Of course this a huge shock for you but it is not time to be weak. It is time for you to get your game face on and act accordingly.

1. Do the 180 on her, no communication about the affair, your marriage, only about absolutely necessary things like the house, kids, etc. Read about the purpose of the 180, it is to help you get a solid footing and disengage, you have to be willing to lose this marriage to save it. Either way it will help you to get focus.

2. Go and see a lawyer as to what your options are. See whether you can ask her to leave the home. Good move to kick her out of the house.

3. Act as if you totally believe her i.e. that the marriage is over and you are moving on. Go to the gym, go out with friends, try not to be around so much. Do not ask her anything about where she is, don't tell her anything about what you are doing.

4. Tell her there must be full disclosure, OM's name, etc. She must do a timeline of her affair. Then contact OM's wife (she ought to know). *DO NOT COVER FOR THEM. Of course she doesn't want this exposed. Stop listening to your lying cheating wife. Everything she is saying is exactly from the cheater's handbook. Bes strong, swift and decisive and cut this affair at its roots. Tell the OM's wife NOW, tell all her and your family and friends, do not cover this up. Affairs only thrive in darkness. Even if your marriage doesn't work out, it sure doesn't have a chance while the affair is going on *

Exposing will blow up the affair and your wife may want you as her Plan B. Don't ever consider being her Plan B. If you expose the affair she will be angry, let her, smile and tell her that your are not going to cover for her while she destroys two families.

5. If the marriage is to work, she must consent to 'No contact" full IC followed by MC. She is probably in the affair fog and is willing to blow up her family because of it. Yes you may have contributed to the problems in the marriage but that is no excuse for what she is doing, cheating with another woman's husband and destroying their family too.
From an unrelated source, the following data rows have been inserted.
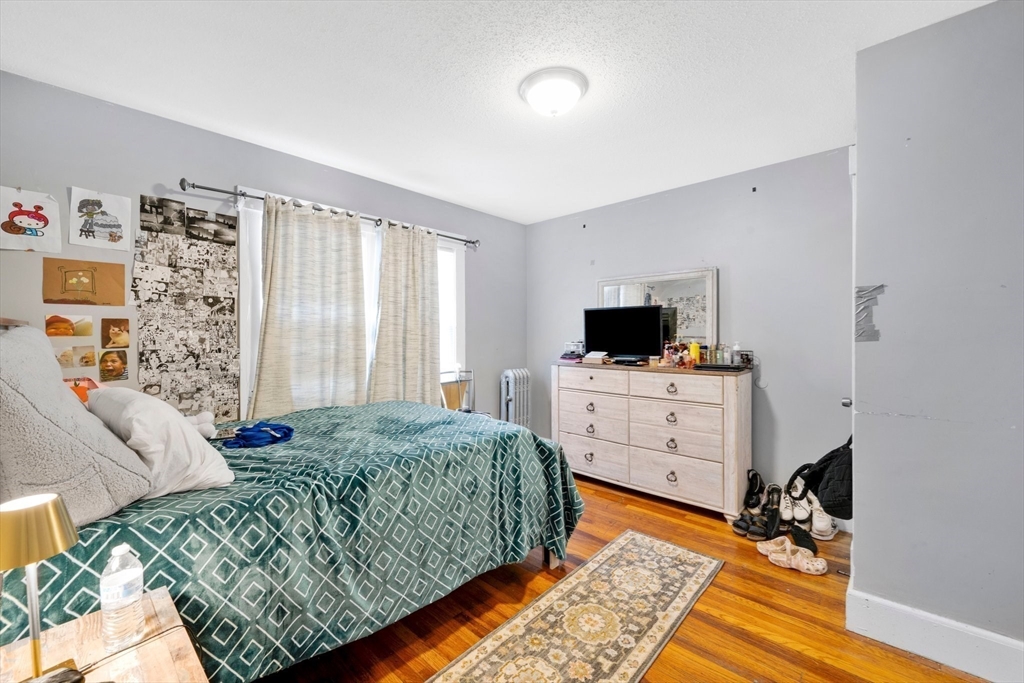 100-102 Wait Street Springfield, MA 01104 - Photo 22 of 35 a living room with a bed furniture flat screen tv and a window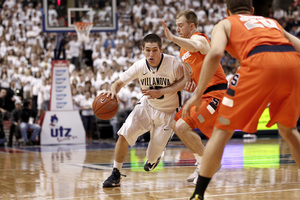 Villanova guard Ryan Arcidiacono drives to the hoop against Syracuse guard Trevor Cooney.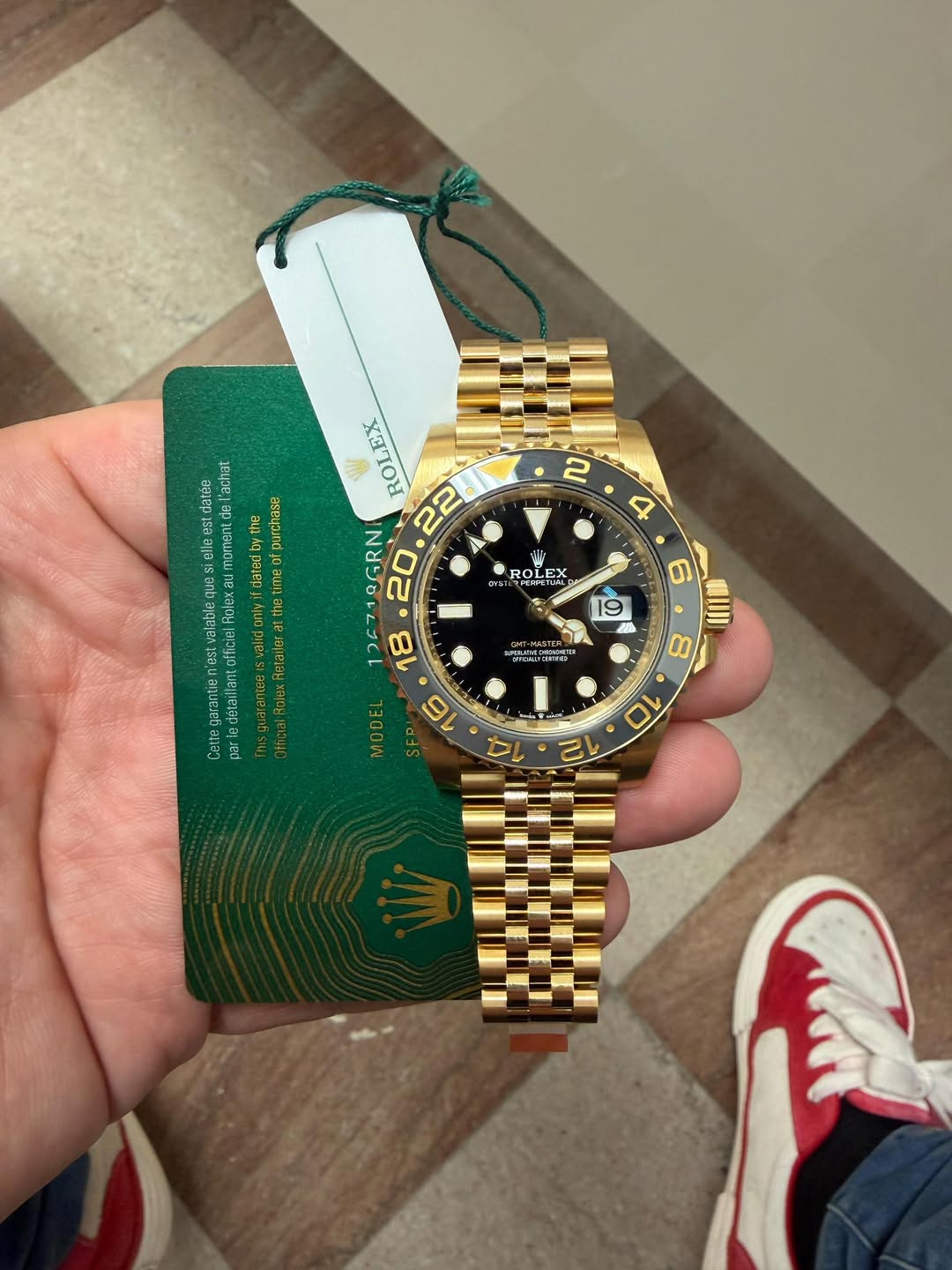 May be an image of wrist watch and text
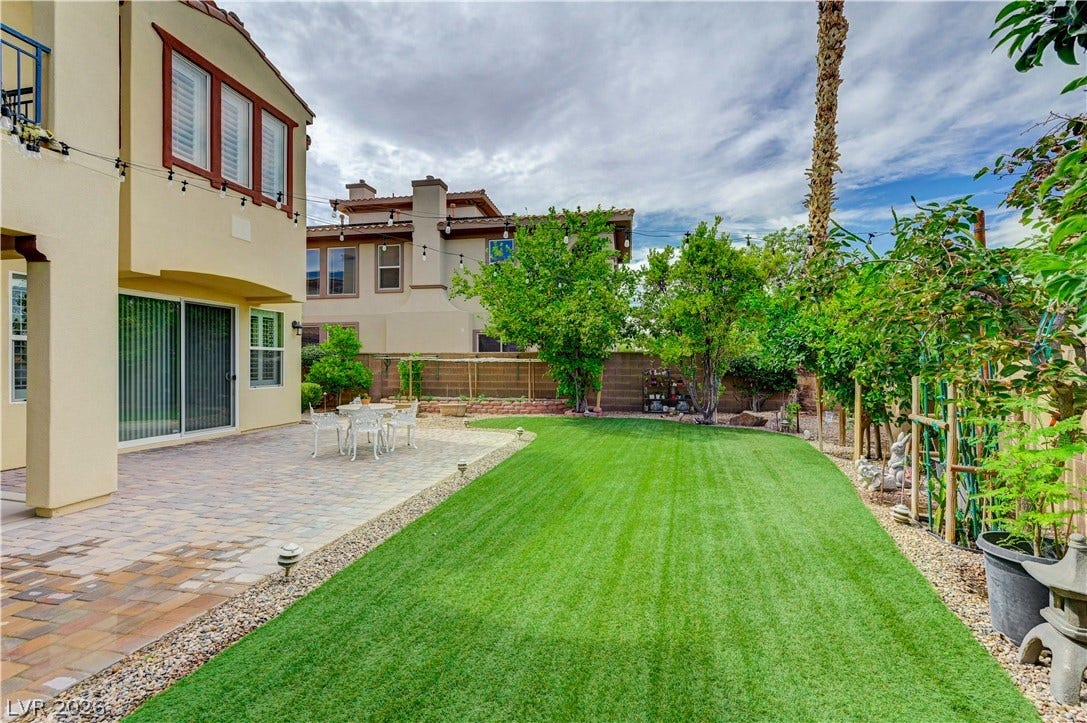 218 Crooked Putter Drive, Las Vegas, NV 89148 A manicured green lawn borders a spacious paved patio ideal for outdoor relaxation.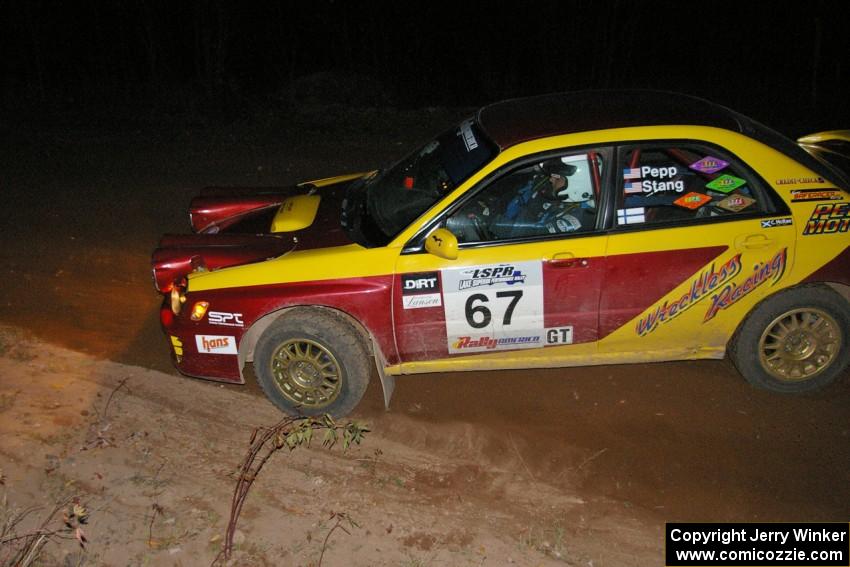 Bryan Pepp / Jerry Stang nicely drift their Subaru WRX through the final spectator corner on SS17, Gratiot Lake 2.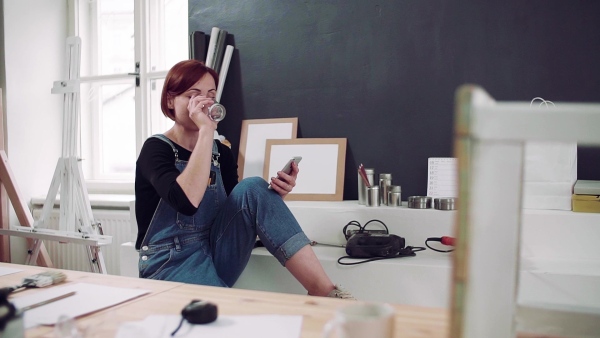 Young woman using smartphone indoors, old furniture restoration. Slow motion.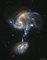 Why are stars forming in the bridge between these colliding galaxies?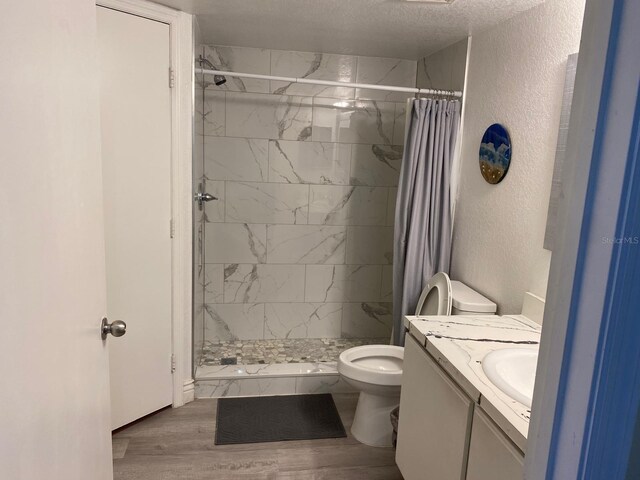 bathroom with a shower with curtain, hardwood / wood-style floors, a textured ceiling, toilet, and vanity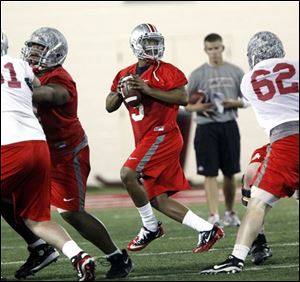 Ohio State quarterback Braxton Miller (5) drops back to pass during a practice earlier this spring in Columbus.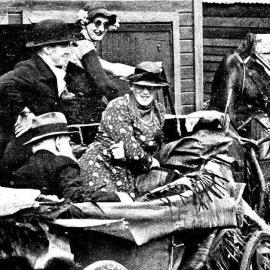  St. Patrick's procession wagon with two old residents, Mrs. Trouland and Mr. P. Kennan, in the rear seat. Greymouth.1938.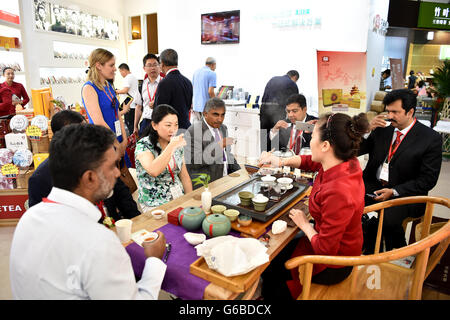 Beijing, China. 24th June, 2016. India merchants taste Pu'er tea during the Beijing International Tea Expo in Beijing, capital of China, June 24, 2016. The four-day tea expo kicked off here Friday. Credit:  Li Xin/Xinhua/Alamy Live News Stock Photo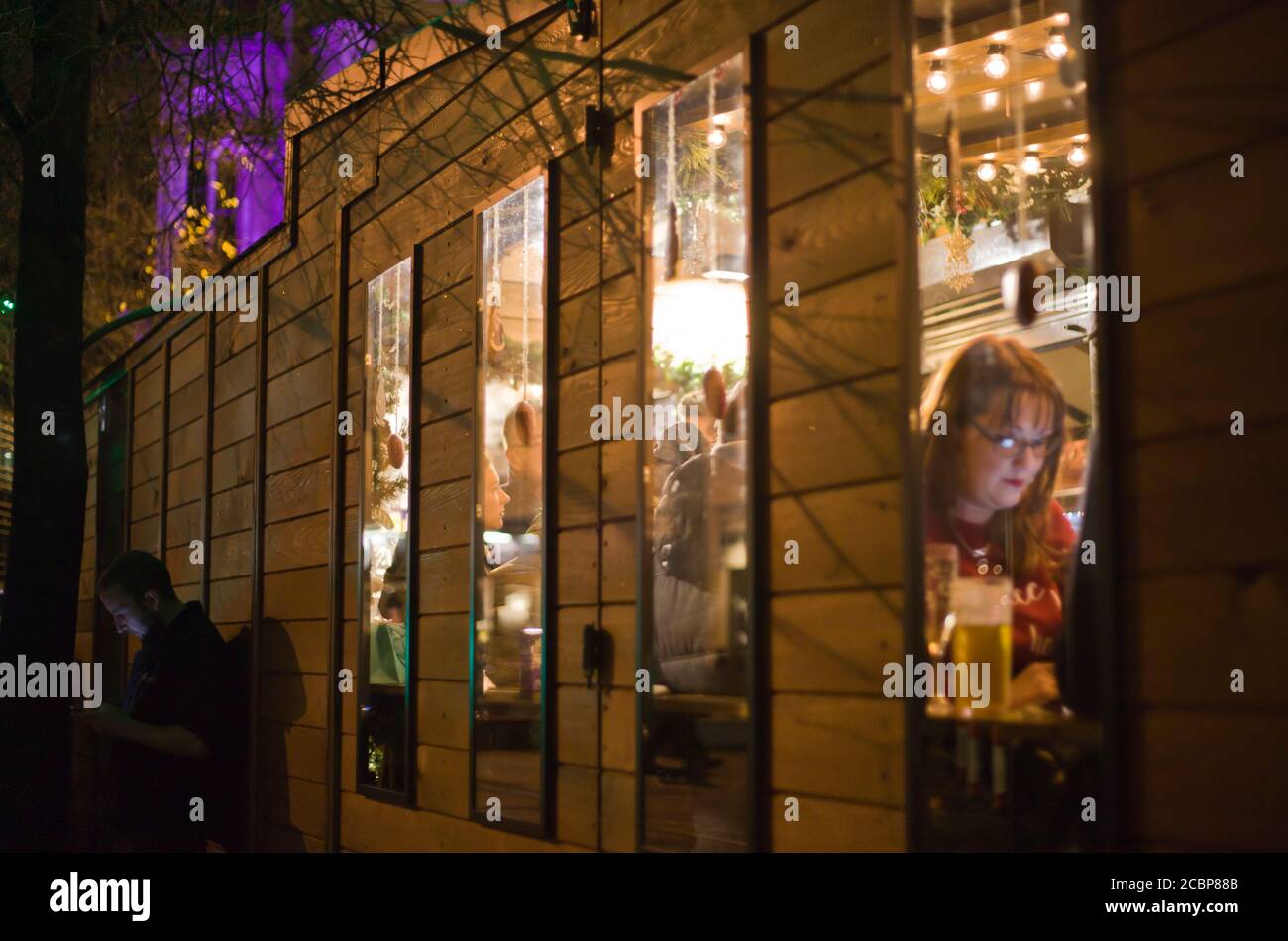 Una donna all'interno di un bar di cabina sul suo telefono, un uomo all'esterno che guarda il suo telefono, mercatino di Natale, feste, birra, notte fuori, fotografia di strada Foto Stock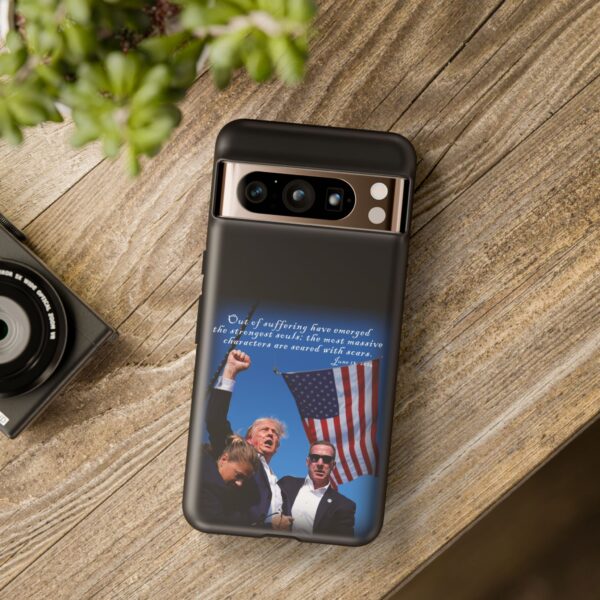 Black Trump Is Seared With Scars Custom Tough Phone Cases for Google Pixel 8 Pro on a table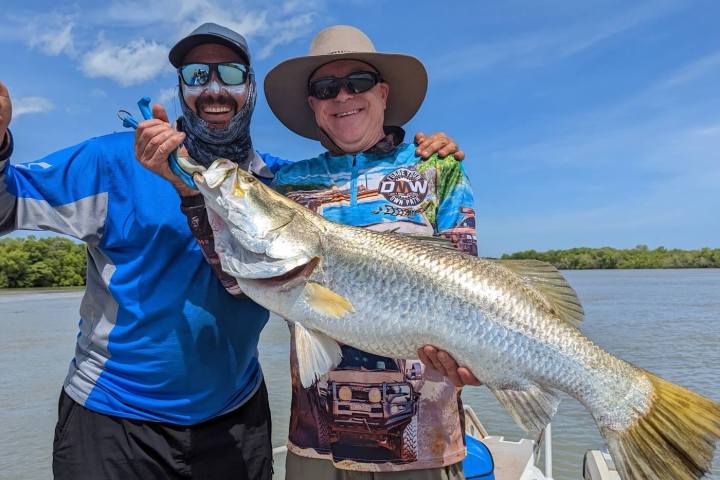 a person holding a fish in the water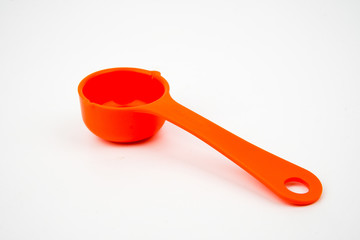 1/8 cup equals to 30 ml measuring cup isolated on white background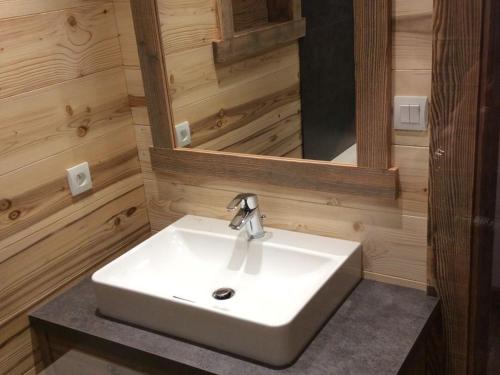 une salle de bain avec un lavabo blanc et un miroir dans l'établissement Chalet confortable, proche des pistes de ski, avec jardin, terrasses couvertes et Wi-Fi à La Bresse - FR-1-589-86, à La Bresse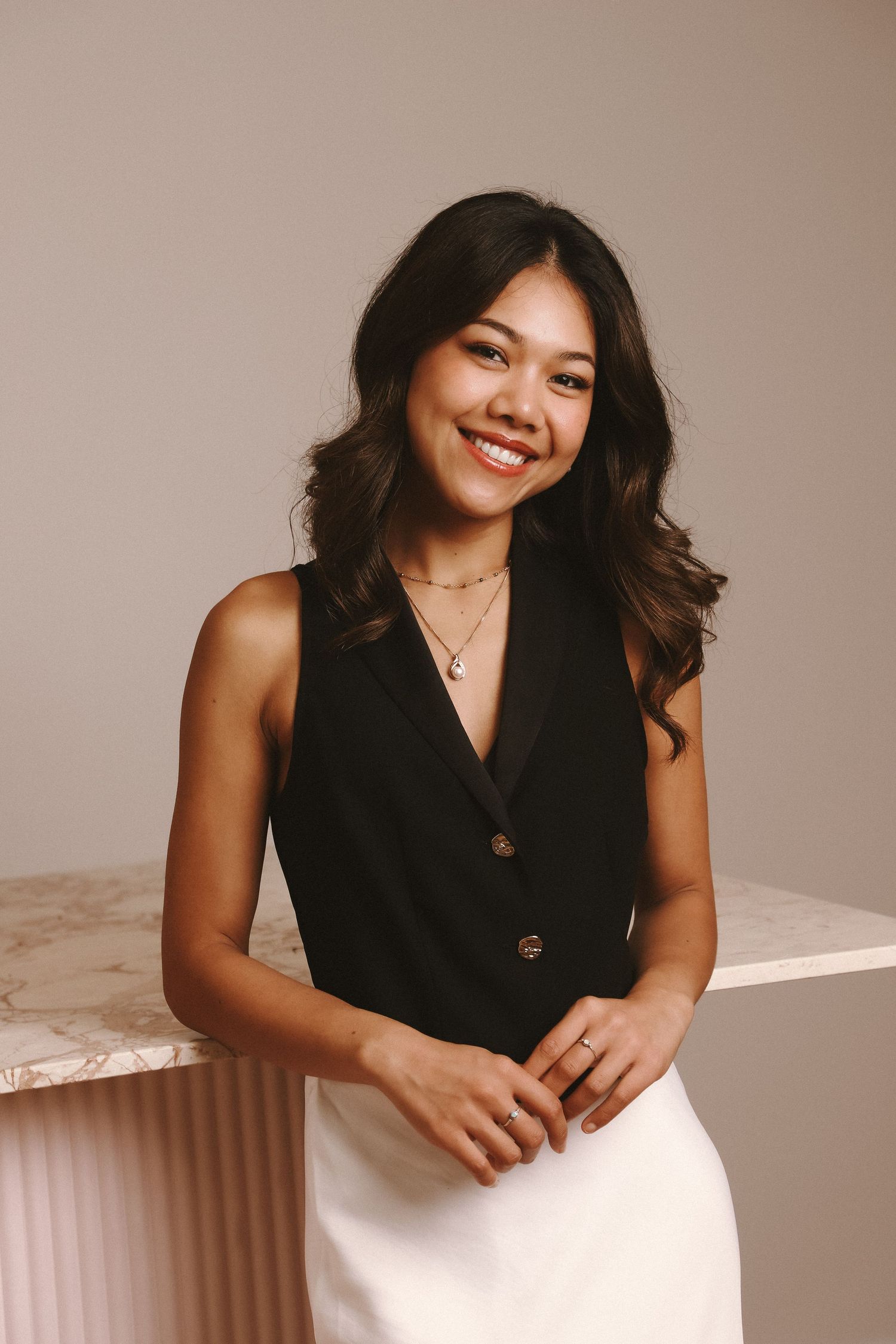 A joyful smile and dark wavy hair complement the black sleeveless top and white skirt in this warm-toned portrait.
Typical selfishness of a cheater.

6. Tell your family and close friends what is happening. Do not cover for her, expose, expose, expose. The affair fog usually begins to dissipate when there has to be accountability and it is no longer so exciting when every one knows your wife is being a ****. You do not have to protect her from this fall out. Go completely scorched earth, find your inner anger.

7. YOu must take decisive action and follow the above, whatever you do, do NOT cry, beg, plead under no circumstances as that will drive a nail further into the coffin of your marriage. Much of this is counter intuitive because you are scared to lose the marriage but she will have the upper hand if you don't take back control in this way.

BTW how are your kids?


----------



## madandsad

Thank you all for the responses and help. I know everyone is saying I have to be strong but this is all a shock to me, I can't believe it is really happening. Not being emotional about all of it is easier said than done... how do people just stop thinking about what happened and get their "game face on"? How can you not cry when you think about how sad/confused/hurt/angry your kids will be when you tell them and they demand to know why? This kind of pain isn't something I'd wish on anyone, let alone my kids.



> The biggest mistakes most betrayed spouse make is believing they cause the affair


Well I certainly could have done better at times, being depressed and anti-social is not something I wanted. I did and still do really want to change, I've in fact been changing (contacting old friends that I've lost touch with, playing sports I used to play, etc). But I agree with you, my faults were something that I could work on, whereas her affair is like throwing a bomb in the middle of everything. Even if she wanted to separate, I can't think of a crueler thing she could have done to me.



> The second worst mistake is not informing the other mans wife.


Well I kind of used this as a way for her to leave the house on Friday night. She has been back since Saturday afternoon by the way. We actually had made dinner plans a while ago for them to come over Saturday along with another family whom we're all friends with. Of course I told my wife to cancel it. When I had the other man's wife on the phone Friday night, I didn't tell her and I think I started mumbling some nonsense. She seemed to have understood that I wanted to meet up with the other man (we were friends, used to play sports, watch rugby, have BBQs, etc.), but then Saturday night she texts me saying that she was confused because he wasn't aware of any plans. And she was also wondering as to why my wife cancelled last minute and asked if everything was OK. I replied that I was sorry about the confusion and asked if she had to time talk. I haven't heard anything from her since then. I'm pretty sure that made her suspicious since I generally speak directly to her husband if we do hang out, and she probably asked him what was going on. I have a feeling he knows that the jig is up and confessed to her. I texted her again Sunday morning asking if she was OK, and to let me know if she wanted to talk. But no response.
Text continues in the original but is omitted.